It is quite possibly the worst news the angel could have given an unmarried woman, that she would become pregnant with a child that did not belong to her fiancé Joseph. If she were to quickly add up her circumstances, she would see nothing but subtraction: the loss of a promised marriage to a craftsman and the inevitable loss of her reputation. If word got out—and in a small town like this, word always gets out—she might very well be known forever as a whore. No one would believe the truth of things, that she was God's harlot, made so in order to save humanity and bring in the shalom society of God.

Not only that, but the Annunciation marks a break with her cultural history. Throughout the Jewish tradition, miraculous births were typically given to the barren not the virginal. Her pregnancy bore more similarities to the Greco-Roman myths that gave rise to the divinity of caesars. Further, if the circumstances of her coming child were made known, it would be seen as a fundamental affront to the Roman Empire and her unborn baby, a subversive rival king from a lesser, contentious people.

And, it's not like the angel gives her any choice in the matter. Rather, she has been chosen for this "favor." So, she accepts in the most unenthusiastic manner possible, passively offering herself as a servant, saying "let it be with me according to your word." Finally, the angel, having secured her acquiescence, disappears.

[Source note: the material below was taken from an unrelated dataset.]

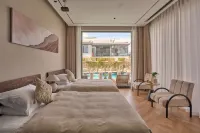 Lijiang Yu Xue Yi Jing Snow Mountain View Resort Hotel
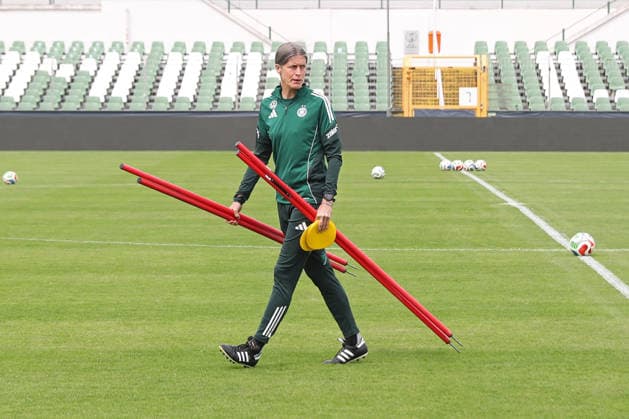 Fußball, Frauen, U23, Nationalteam Deutschland, Training DFB-U23-Frauen: Training der Nationalmannschaft Deutschland, 03.06.26 Co-Trainerin Kerstin Garefrekes. Fußball, DFB-U23-Frauen: Nationalmannschaft Deutschland trainiert am 03.06.26 im Alfred-Kunze-Sportpark Leipzig-Leutzsch. Copyright: xBEAUTIFULxSPORTS JanxKaeferx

And then Mary flees. As fast as she can.

Nothing captures the terror, confusion, and normalcy of an unmarried teenage girl's response to an unplanned, unbelievable pregnancy so much as this running away. And where did she go? To a Judean hill country town to visit her relative Elizabeth, the only other person who could understand what she is going through, the only person who could possibly wait with her as she sorted out the troubling news that she would bear God in her womb. Like Mary, Elizabeth was pregnant with a miraculous child, and like Mary, she was all alone, having gone into seclusion for the first two trimesters of her pregnancy.

So the two meet, both bearing the scandalous news of their pregnancies in isolation, in loneliness: one unconscionably old with a husband recently made mute and, the other, scandalously young and engaged to a fiancé who did not even join her on this hasty trip to the hillside. And there is a relief upon their meeting, like a cleansing exhale that comes when a burden lightens.